Saturday, March 13, 2010

The Illinois House of Representatives voted this Thursday to lift some penalties for teenagers who engage in sexting. While minors are still prohibited from sending nude photos of other minors taken on cell phones, they will no longer be required to register as sex offenders. Instead, they could be punished with court-ordered supervision or community service. 

The bill, which was sponsored by State Representative Darlene Senger from Naperville, passed with a 114–1 majority and will be considered by the Illinois Senate. The lone dissenter, State Representative Careen Gordon from Morris, declined to comment on her vote. 

Senger says that sexting has become a problem because when teens send nude pictures of themselves to their boyfriends or girlfriends, they don't realize that what they are doing is illegal or that their pictures can be distributed to other people. A national survey has revealed that 48 percent of teenagers have received sexual text messages or emails, while 39 percent have sent or posted sexual photos online.

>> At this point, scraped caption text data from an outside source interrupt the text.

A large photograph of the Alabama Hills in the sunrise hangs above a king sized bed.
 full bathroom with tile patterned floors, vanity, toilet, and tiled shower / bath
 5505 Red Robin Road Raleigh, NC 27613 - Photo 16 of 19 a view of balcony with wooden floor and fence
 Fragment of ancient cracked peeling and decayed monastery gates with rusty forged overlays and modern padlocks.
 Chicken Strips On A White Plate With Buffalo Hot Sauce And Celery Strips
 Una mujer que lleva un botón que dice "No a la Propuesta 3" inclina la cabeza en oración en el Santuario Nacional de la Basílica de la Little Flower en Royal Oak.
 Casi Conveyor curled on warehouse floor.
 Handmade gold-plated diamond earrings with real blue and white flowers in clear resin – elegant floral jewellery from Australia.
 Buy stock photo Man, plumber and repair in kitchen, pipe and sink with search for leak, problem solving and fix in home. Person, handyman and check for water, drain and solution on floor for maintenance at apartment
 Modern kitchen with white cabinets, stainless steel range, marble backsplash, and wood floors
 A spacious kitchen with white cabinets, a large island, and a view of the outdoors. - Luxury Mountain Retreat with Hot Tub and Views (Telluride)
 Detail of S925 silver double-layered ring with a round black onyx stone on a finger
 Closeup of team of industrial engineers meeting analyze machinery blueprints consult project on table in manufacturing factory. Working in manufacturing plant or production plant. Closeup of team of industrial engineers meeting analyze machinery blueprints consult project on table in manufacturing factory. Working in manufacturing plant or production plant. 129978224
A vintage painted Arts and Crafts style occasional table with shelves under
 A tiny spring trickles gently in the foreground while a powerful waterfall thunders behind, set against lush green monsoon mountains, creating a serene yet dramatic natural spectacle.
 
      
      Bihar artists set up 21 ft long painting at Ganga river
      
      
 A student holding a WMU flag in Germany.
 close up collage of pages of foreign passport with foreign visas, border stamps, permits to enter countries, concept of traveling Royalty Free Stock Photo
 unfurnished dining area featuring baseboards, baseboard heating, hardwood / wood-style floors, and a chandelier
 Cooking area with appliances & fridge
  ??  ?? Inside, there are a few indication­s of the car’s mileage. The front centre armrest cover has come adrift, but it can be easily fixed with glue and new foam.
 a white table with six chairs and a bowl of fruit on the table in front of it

Criminal charges are more serious if the content is posted online. As Connie Burch told Illinois homepage.net, however, "the threat of having to register as a sex offender goes too far." The main purpose of the legislation is to create awareness among parents about what has become a prevalent issue for teenagers. As Senger told the Chicago Sun-Times, "We still have the ability to prosecute those whose intent is to create child pornography even if they're under 18. However, if you're just doing something because you think it's a prank, we can explain why this isn't funny."